▸ DATA FOR PROCESSING
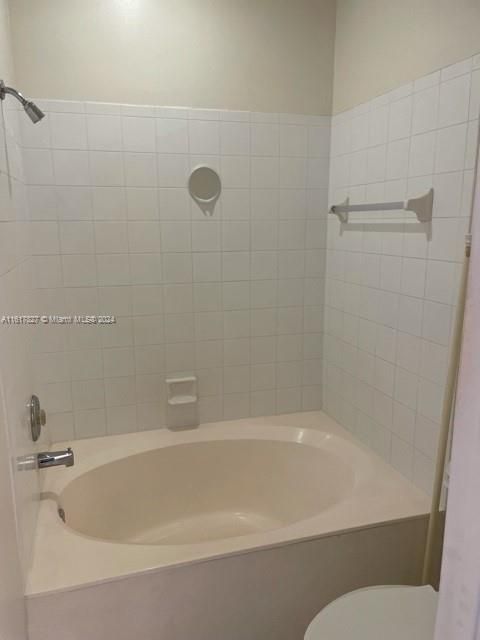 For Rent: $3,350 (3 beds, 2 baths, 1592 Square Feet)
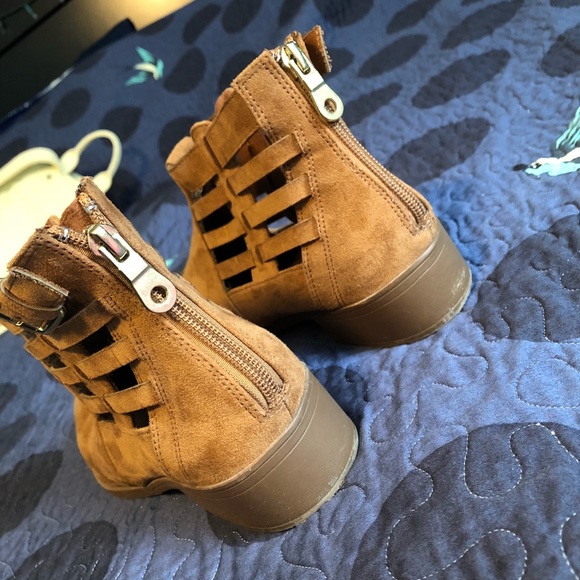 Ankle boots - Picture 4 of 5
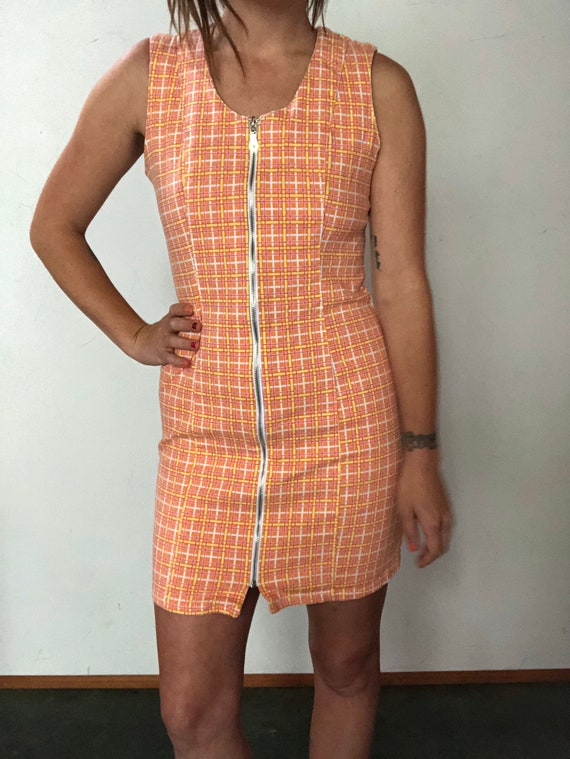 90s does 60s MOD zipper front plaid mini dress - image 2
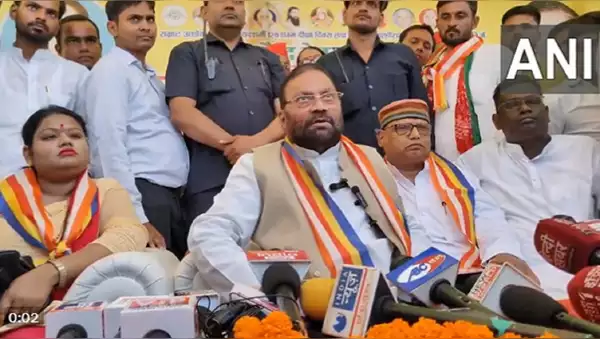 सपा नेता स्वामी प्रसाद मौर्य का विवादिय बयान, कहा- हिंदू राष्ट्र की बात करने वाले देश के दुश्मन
==
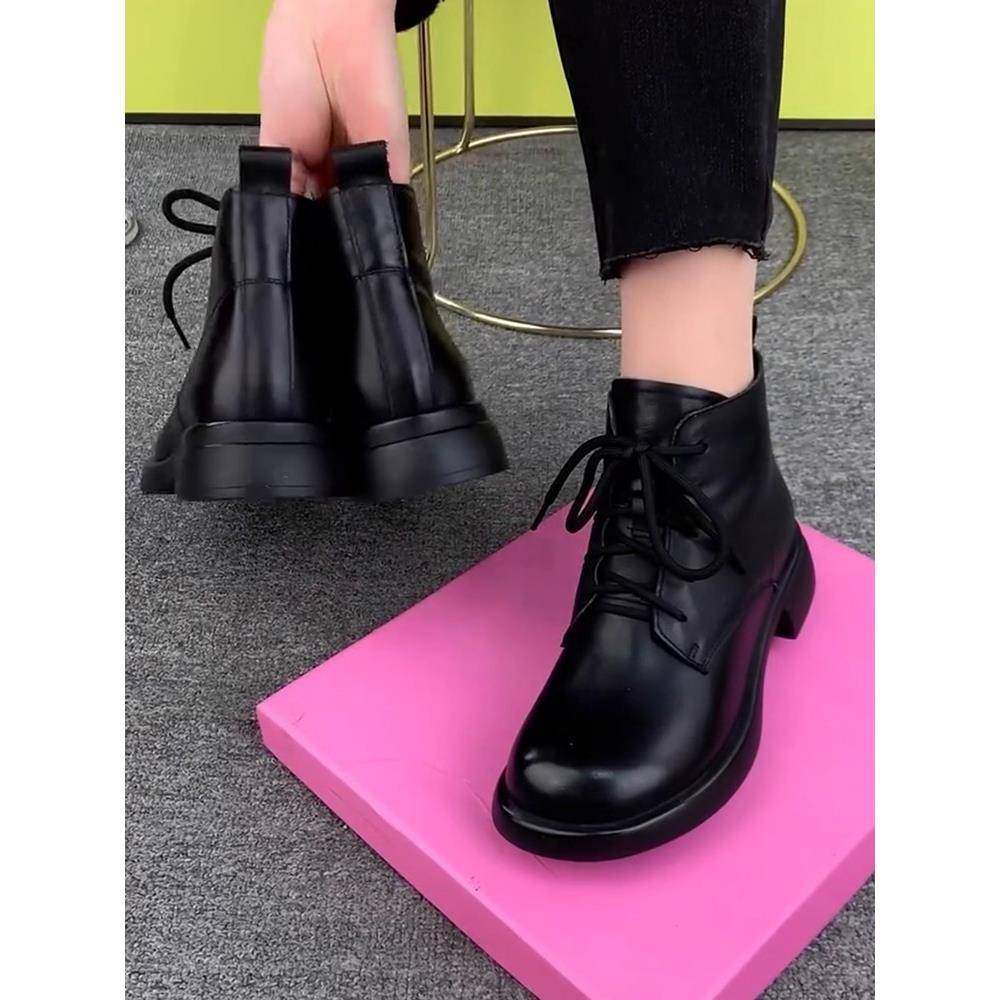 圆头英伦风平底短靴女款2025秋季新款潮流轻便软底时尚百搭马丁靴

▸ DESCRIPTION OF THE TASK
Given the records above, return the lines starting at the one that holds "For Rent: $3,350" and ending at the one that holds "सपा नेता स्वामी", exactly, and nothing besides; leave every picture out.

▸ WORKED SOLUTION
 For Rent: $3,350 (3 beds, 2 baths, 1592 Square Feet)
 Ankle boots - Picture 4 of 5
 90s does 60s MOD zipper front plaid mini dress - image 2
 सपा नेता स्वामी प्रसाद मौर्य का विवादिय बयान, कहा- हिंदू राष्ट्र की बात करने वाले देश के दुश्मन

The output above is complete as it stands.